Recensione di Mia Martini, fammi sentire bella di Giorgio Verdelli (2020), in onda su Rai3 il 27 febbraio 2020. Post pubblicato sulla pagina Facebook di Unadimille

Ci siamo così assuefatti a un’idea di musica raccontata in tv per frasi fatte, revisioni sterili, agiografie dozzinali che una cosa come Mia Martini, fammi sentire bella dà i brividi rincuoranti che si ha dal contatto con quelle cose fatte con l’appassionata cura di un tempo, il piacere di una rivelazione. Eppure non c’è nulla da rivelare, perché il materiale così come gli ospiti erano tutti li, da sempre: Califano, Lauzi, Dori Ghezzi, Minuetto, Almeno tu nell’universo.

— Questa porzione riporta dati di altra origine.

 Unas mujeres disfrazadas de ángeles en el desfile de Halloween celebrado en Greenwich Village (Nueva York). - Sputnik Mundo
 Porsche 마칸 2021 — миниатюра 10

È che per una volta, e finalmente, a guidare il racconto sono le canzoni, la voglia di esplorarle davvero, il tempo finalmente concesso agli autori per raccontare come nasce un verso, un motivo, una linea melodica destinata a restare per sempre. Quello di Giorgio Verdelli (già autore di Pino Daniele, il tempo resterà, 2017, chapeau) è un autentico lavoro di ricerca motivata dalla passione, che ha il coraggio di mostrare le esibizioni degli ultimi anni di Mia affermando ciò che si tralascia quasi sempre: e cioè che il periodo dal 1989 al 1994 (cioè quello ignorato da “Io sono mia”) è stato per lei artisticamente sovrumano, fervido di grandi canzoni e di una potenza e libertà interpretativa che l’immagine mediatica forzata di una Mimì disgraziata, perennemente uggiosa ha sempre messo in ombra.

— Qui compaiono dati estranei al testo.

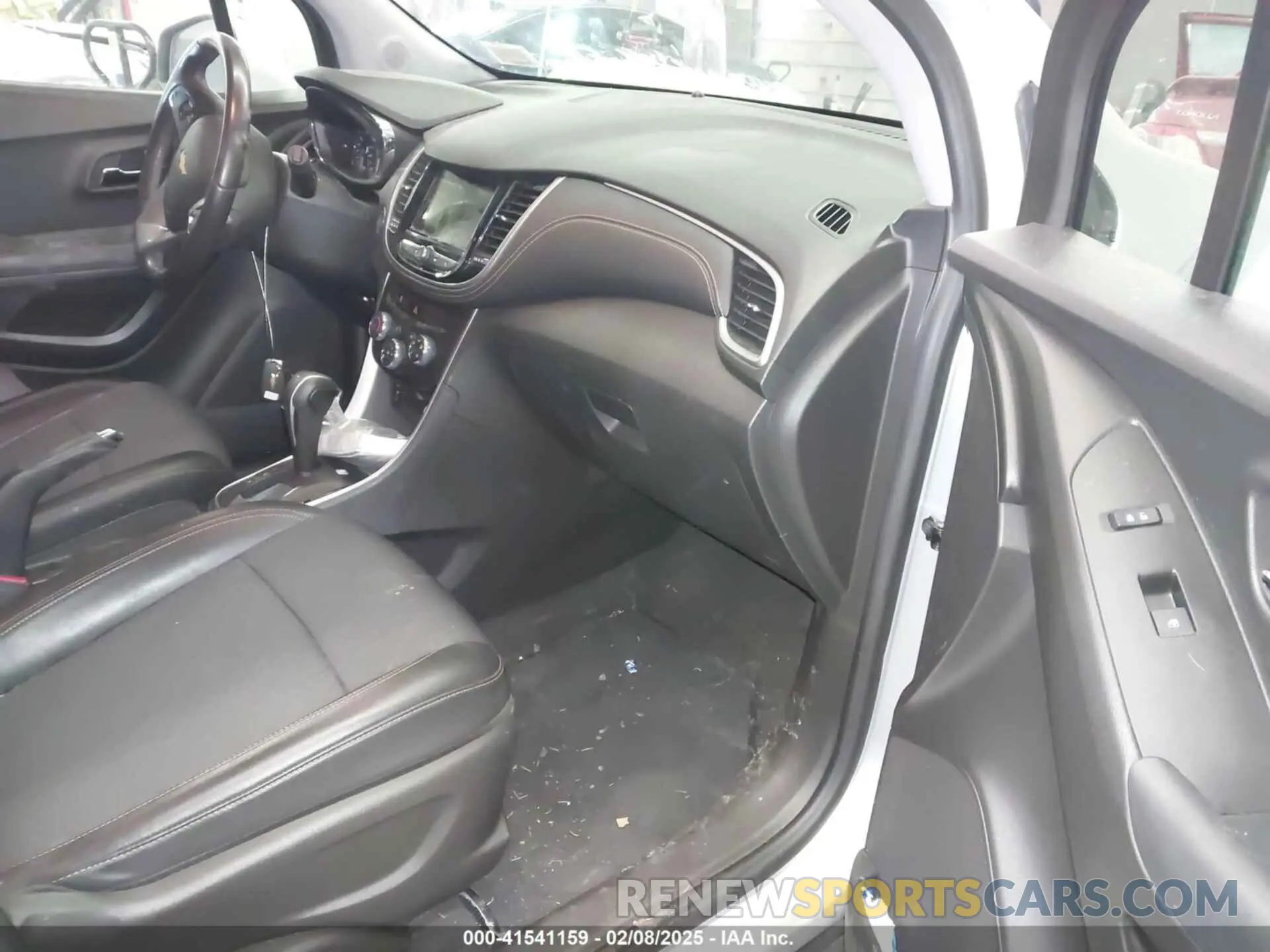 5 Photograph of a damaged car KL7CJPSB4KB830695 CHEVROLET TRAX 2019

Il suo ultimo album, La musica che mi gira intorno, tutte cover, al quale viene dedicato ampio spazio, è ancora un canzoniere di vitalità impressionante. E se il film non mostra l’esibizione dell’unico inedito di quel disco, Viva l’amore, è forse solo perché è di proprietà di Mediaset: fu infatti il pezzo forte in gara dello sciagurato “Festival italiano”, un tentativo improponibile della concorrenza di farsi un proprio Sanremo (sul web sono disponibili altre esecuzioni del brano, come quella a Domenica In: lei trabocca di vita).

Quindi inediti, testimonianze d’autore e pochissimo spazio, il minimo necessario, alla retorica sulla Mimì ingiuriata e offesa: è un racconto più difficile? Troppo sofisticato? Noioso? Tutt’altro. È quello che conosciamo da sempre, ma raccontato finalmente con il cono ottico che una fiction iper-agiografica o un decine di “omaggi” non richiesti dimenticano: la musica, nella sua sostanza primaria. È un film che dà giustizia all’artista e finalmente “aggiunge”, invece che rimestare nella solita tiritera. È quello che succede quando si smette di trattare il pubblico come un mucchio di beoti da distrarre alla serata del martedì di un villaggio turistico, fagli un mezzo karaoke, fagli l’acuto e poi chiudila qui. L’ossessione che ogni storia sia “da cantare”: tacete invece, e fatecela SENTIRE.